By REMEDIOS F. MARMOLEÑO

 

Most people strive to be virtuous and many focus their reflection on developing those virtues which they think they have little of. For myself  I often think of the virtue of compassion.

A straightforward dictionary definition of compassion is that it is the capacity to feel what someone else is feeling under a given circumstance and being moved to want to help the person. Some  situations  which are  supposed to move me to compassion very often present a dilemma for me. I feel the dilemma because I weigh the prod to compassion against the prod to exercise justice, which is another virtue. And justice simply means exercising fairness in one’s decisions and actions.
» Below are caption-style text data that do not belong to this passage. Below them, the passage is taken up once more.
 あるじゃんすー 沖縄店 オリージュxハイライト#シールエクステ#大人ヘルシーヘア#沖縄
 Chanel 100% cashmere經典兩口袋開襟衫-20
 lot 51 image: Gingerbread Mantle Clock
An example of a situation which creates a dilemma for me is how to react to someone begging. Compassion should make me realize that this beggar has no money, money can cover an important need like food and  I have some coins that I can spare. But do I immediately take out the coins I can spare and give them?  Not quite. I realize that this beggar needs the money but I also know that there are other people with the same need but who do not go out to beg; they make the effort to work and earn  what  some simply beg for. Is there justice there then? There are times when I wish that the sense of justice does not manifest itself in these occasions.
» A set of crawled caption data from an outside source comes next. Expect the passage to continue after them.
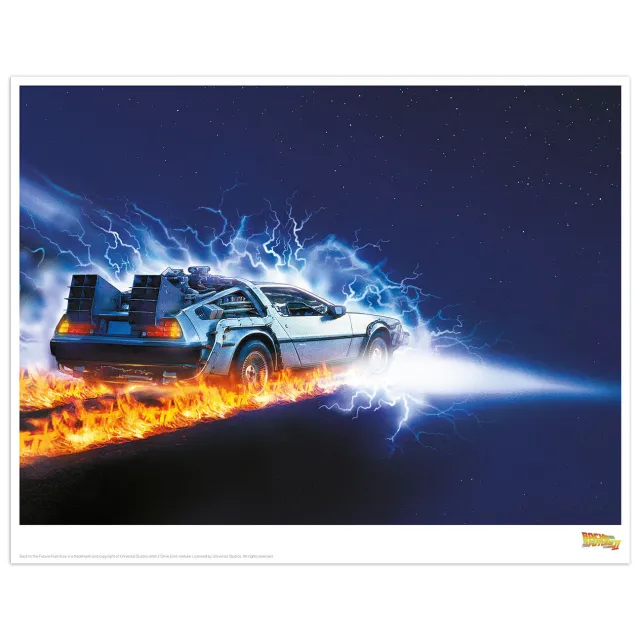 Fanattik Back to the Future Limited Edition Kunstdruck 14x11" limitiert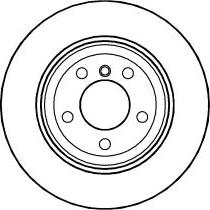 ABTEX BD1255V - Спирачен диск vvparts.bg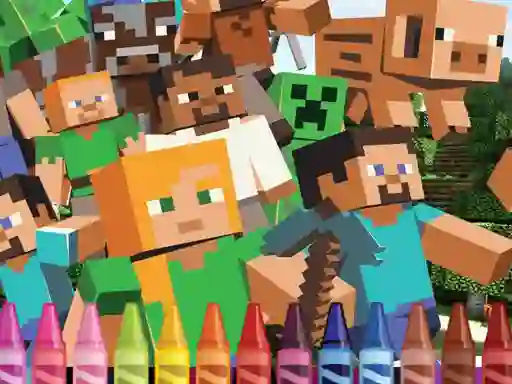 Spel 4GameGround Minecraft Coloring online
I remember a time when I was waiting by the side of the road for the car to pick me up. A woman came by who  walked like she was not very well; she must have been in her 60’s though she walked like she was older than I.   But she may also have been younger, since people who have lived difficult lives tend to age faster than those who have been more comfortable. She was carrying a plastic bag which held a couple of bunches of kangkong and she was offering this for sale. Without any hesitation I bought some of the kangkong, and I think I did because she wasn’t simply begging but making the effort to “earn”.

Compare this woman with the youngish women usually carrying a child at the hip and cadging for money at  street intersections. When you don’t give a coin they might give the side of the car an audible slap or walk away but not before they make a face at you. Can I … should I…feel compassion for this people?

Another good case for reflection is the situation of the IDPs in Zamboanga City, especially those in the city’s sports center. There are those who will use this situation and say this is an example of discrimination of people because of  their religion, a line of thinking  which my own sense of logic finds preposterous.

I do feel compassion for the IDPs but  in justice we have to accept that the Enriquez Sports Center was meant to be just that, a venue for sports activities. It was not built to be an evacuation center and so the amenities for evacuees are far from what they should be. Services can be better but before we hurl charges of discrimination we should also correctly identify who created this sad situation in the first place.

Compassion and justice can be in a tug of war against each other.